Quickstart: Compute-to-Data (C2D) Flow

This quickstart describes a C2D flow.

Here are the steps:

Setup
Alice publishes data asset
Alice publishes algorithm
Alice allows the algorithm for C2D for that data asset
Bob acquires datatokens for data and algorithm
Bob starts a compute job
Bob monitors logs / algorithm output
Tips and tricks

Let's go through each step.

1. Setup

First steps

To get started with this guide, please refer to data-nfts-and-datatokens-flow and complete the following steps :

Setup : Prerequisites
Setup : Download barge and run services
Setup : Install the library from v4 sources

Install extra libraries

This example uses c2d to create a regression model. In order to visualise it or manipulate it, you also need some dependencies.

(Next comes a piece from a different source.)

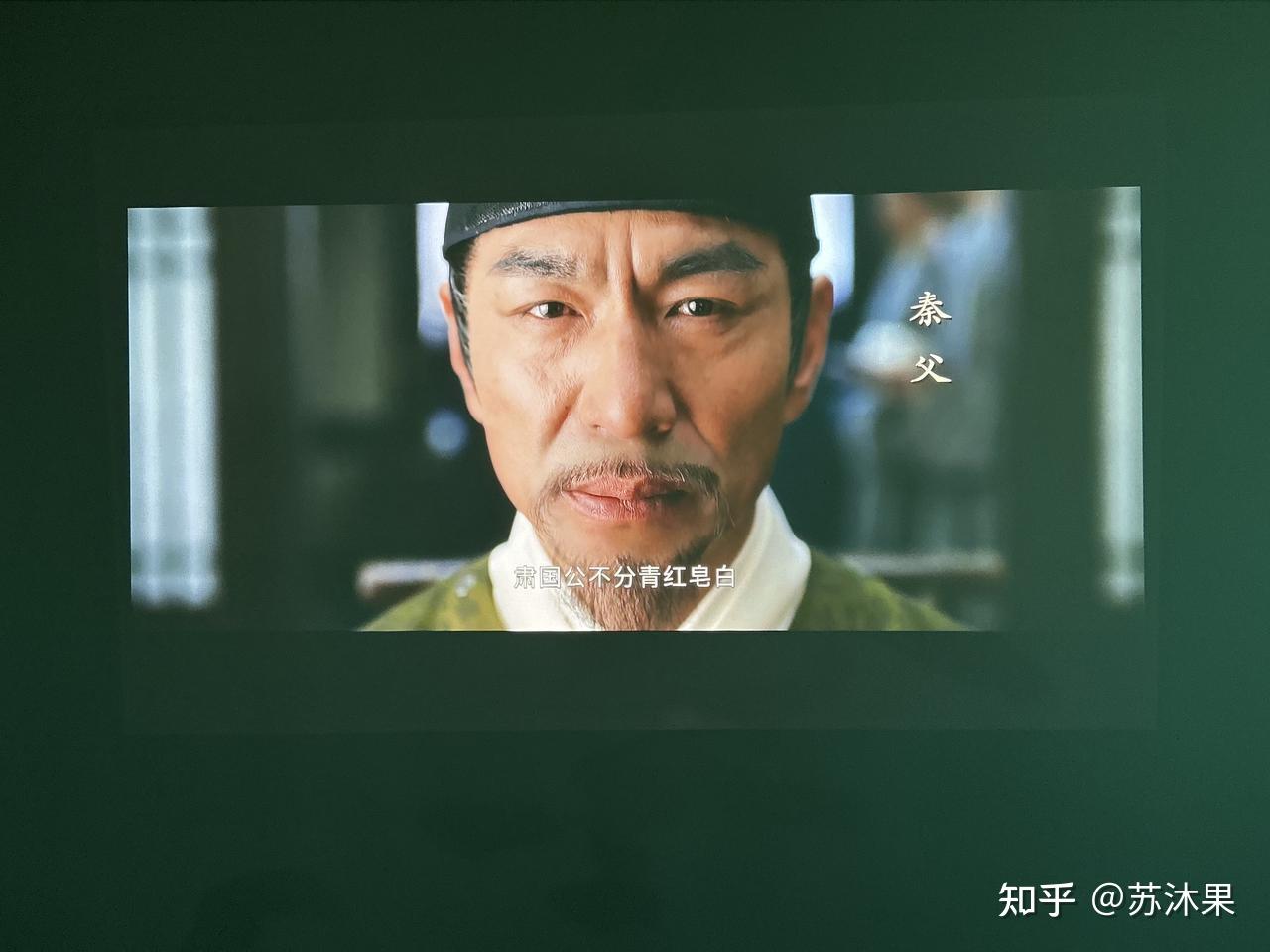 护眼三色激光 旋转云台,让日常观影更舒适,极米 rs10 深度体验测评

In your project folder, in this case my_project from Setup : Install the library in First Steps, run the following command:

pip install numpy matplotlib

Set envvars

Set the required enviroment variables as described in data-nfts-and-datatokens-flow:

Setup : Set envvars

2. Alice publishes a Data NFT

In your project folder (i.e. my_project from Install the library step) and in the work console where you set envvars, run the following:

Please refer to data-nfts-and-datatokens-flow and complete the following steps :

2.1 Create a data NFT

3. Alice publishes a dataset

In the same python console:

# Publish the datatoken
DATA_datatoken = data_nft.create_datatoken("DATA 1", "D1", from_wallet=alice_wallet)
print(f"DATA_datatoken address = '{DATA_datatoken.address}'")

# Specify metadata and services, using the Branin test dataset
DATA_date_created = "2021-12-28T10:55:11Z"
DATA_metadata = {
    "created": DATA_date_created,
    "updated": DATA_date_created,
    "description": "Branin dataset",
    "name": "Branin dataset",
    "type": "dataset",
    "author": "Trent",
    "license": "CC0: PublicDomain",
}

# ocean.py offers multiple file types, but a simple url file should be enough for this example
from ocean_lib.structures.file_objects import UrlFile
DATA_url_file = UrlFile(
    url="https://raw.githubusercontent.com/oceanprotocol/c2d-examples/main/branin_and_gpr/branin.arff"
)

# Encrypt file(s) using provider
DATA_encrypted_files = ocean.assets.encrypt_files([DATA_url_file])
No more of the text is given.